14 Kasım 2013 Perşembe


merhaba sevgili Raşit abim,
Bloğundaki Contemporary İstanbul Sergisi için sağolasın. Bu yazıyla bir kaç fotoğraf da benden, ekleyebilirsen sevinirim. Yazımdaki müdahale haberi, sanata duyarlı olanların olduğu gibi senin de canını sıkabilir lakin yaşanmış bir gerçek. Bildiğin üzere, ironik biçimde "Müdahale var mı?" adlı bölümde bir tabloya müdahale edilmiş ve bu müdahale bazı salonlarda protesto edilmişti.
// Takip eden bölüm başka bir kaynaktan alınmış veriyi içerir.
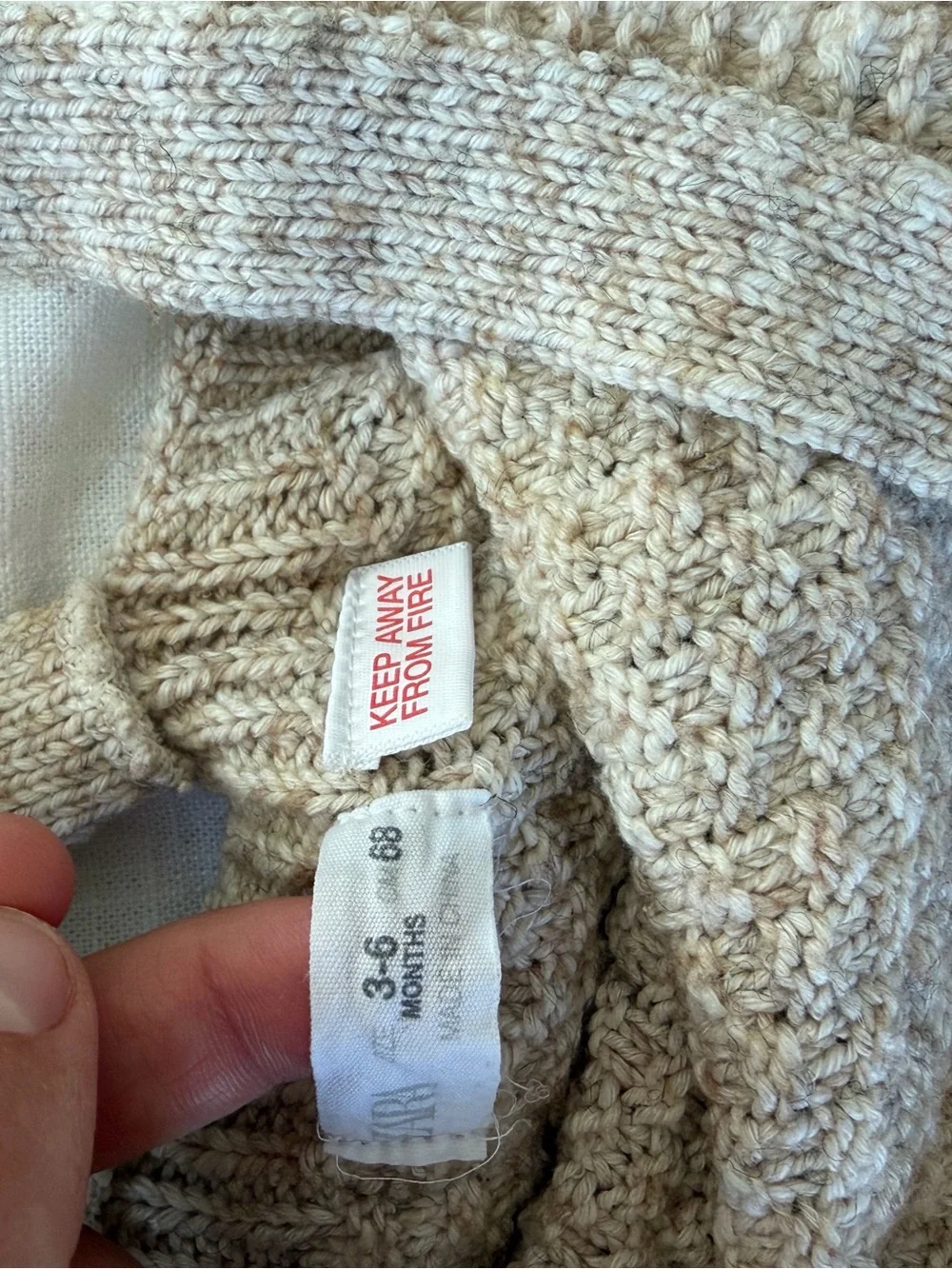 Zara Beige Heather Knit Overalls
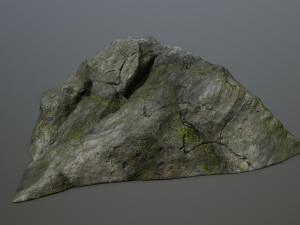 cliff rock set 3D Model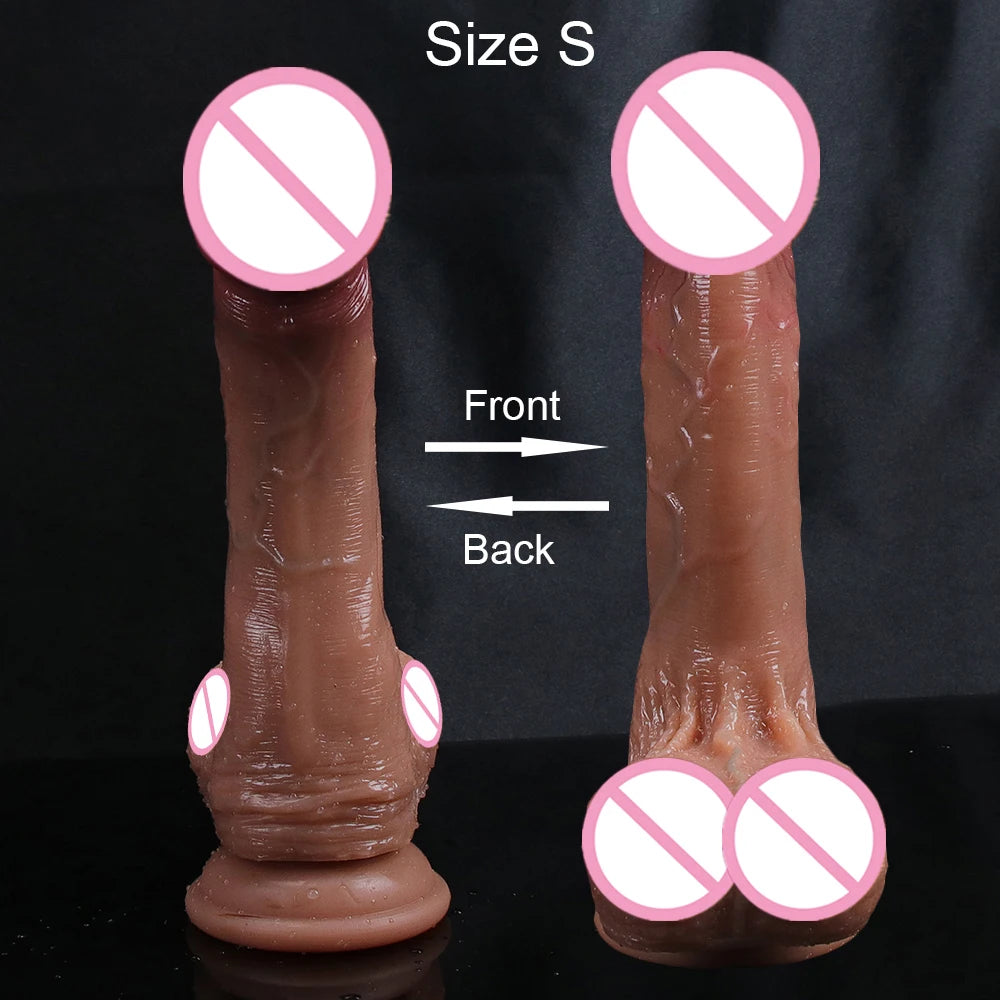 New Realistic Big Glans Dildo Soft Long Penis Huge Adult Dick Suction Cup Anal Sex Toys For Women Vagina G-Spot Orgasm Stimulate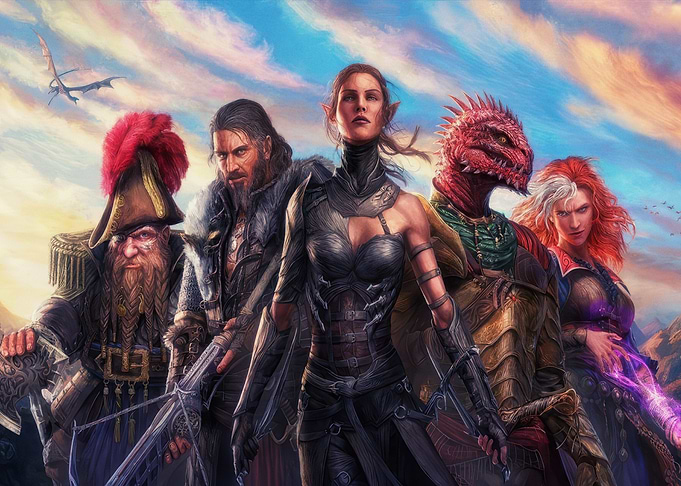 Fantasy Adventurers Group Portrait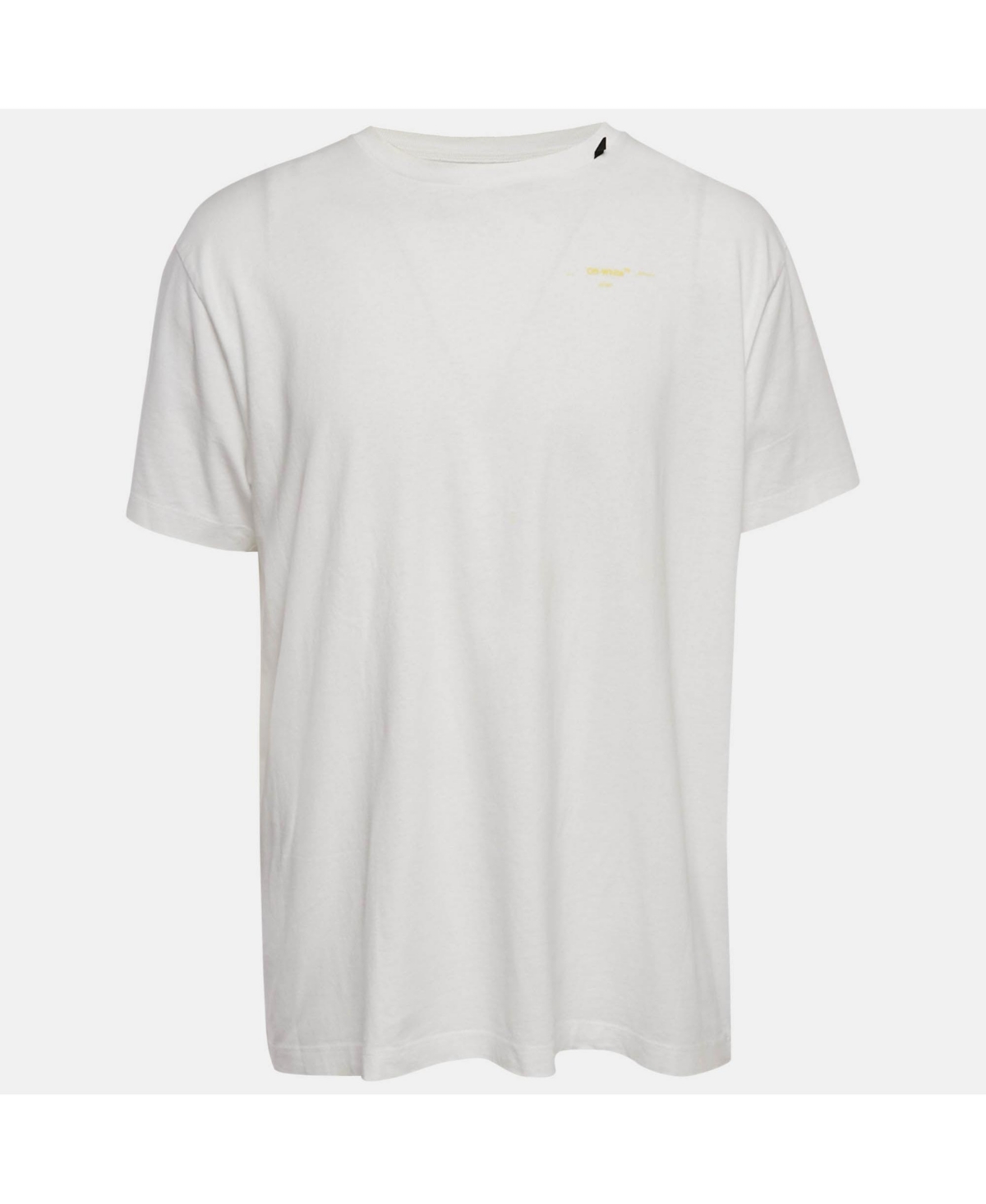 Pre-Owned Off-White Men's White Arrow Paint Jersey Oversized T-Shirt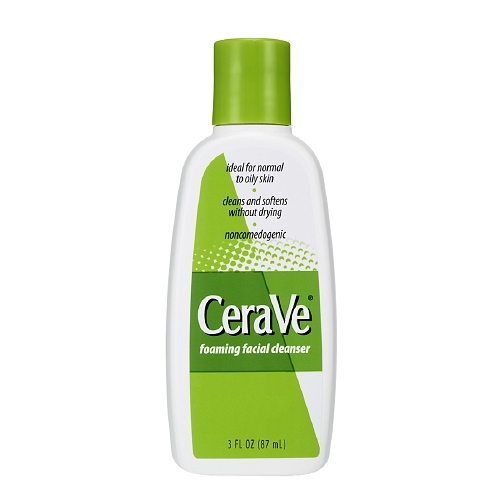 Sữa rửa mặt CeraVe Foaming Facial Cleanser For Normal To Oily Skin - 87ml, Sữa rửa mặt dành cho da thường, da dầu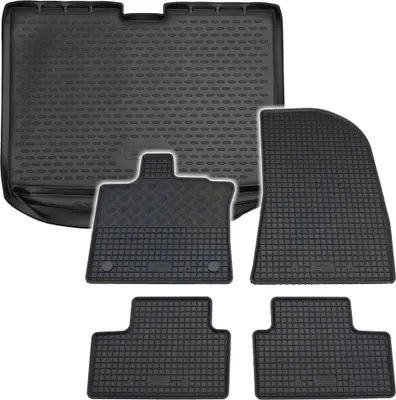 Produktbild von Gummi Kofferraumwanne + Fußmatten Set für Renault Captur 2, Bj. 2019-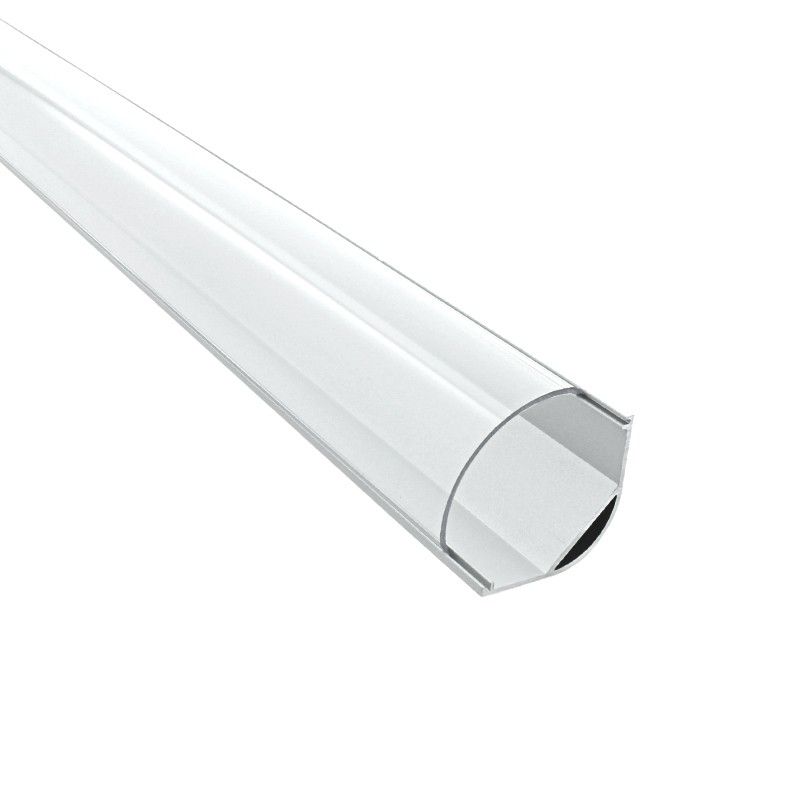 10x1m Profilé Aluminium LED Angle Anodisé Diffuseur laiteux pour Ruban  Bande LED Couvercle Blanc Opaque Forme en U - argent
Sağolsun mevcut iktidarımızın bu eleştiri hakkını kullandıkları için karikatürcülere bol para ödülü(!) verdiğini de hepimiz biliyoruz... Bu sene içinde de, Homur Mizah Grubu'nun Trabzon'daki sergisine belediye ve Didim'deki Gezi Karikatürleri Sergisi'ne de Ak Parti Didim İlçe Teşkilatı'nın şikayeti üzerine müdahale olmuştu. Bu tür müdahalelere sıkça rastlar olduk nedense. Bir kişi ( o da, sanat üstadı, usta eleştirmen vs. gibi bişiydir zaten :) şikayet etti mi iş bitiyor! Nietzsche beni affetsin ama "Böyle buyurdu -bizim- Zerdüşt": Şikayet et! (İtaat et anlamına da gelir!) Neyse, "ucube heykel" kabahat, Gezi'de sanatçıların olması kabahat, sergi kabahat, eleştiri kabahat, karikatür hepten kabahat... O kabahat, bu kabahat olunca 'sanatımız tükürük içinde' kaldı!
Ee, Nazım ustanın; 
"...ve açsak, yorgunsak, alkan içindeysek eğer
ve hala şarabımızı vermek için üzüm gibi eziliyorsak
kabahat senin,
-demeğe de dilim varmıyor ama-
kabahatın çoğu senin, canım kardeşim!"
dediği gibi, kabahatin çoğu bizdeymiş hakkaten de..!

saygı, sevgi, selamlarımı iletiyorum.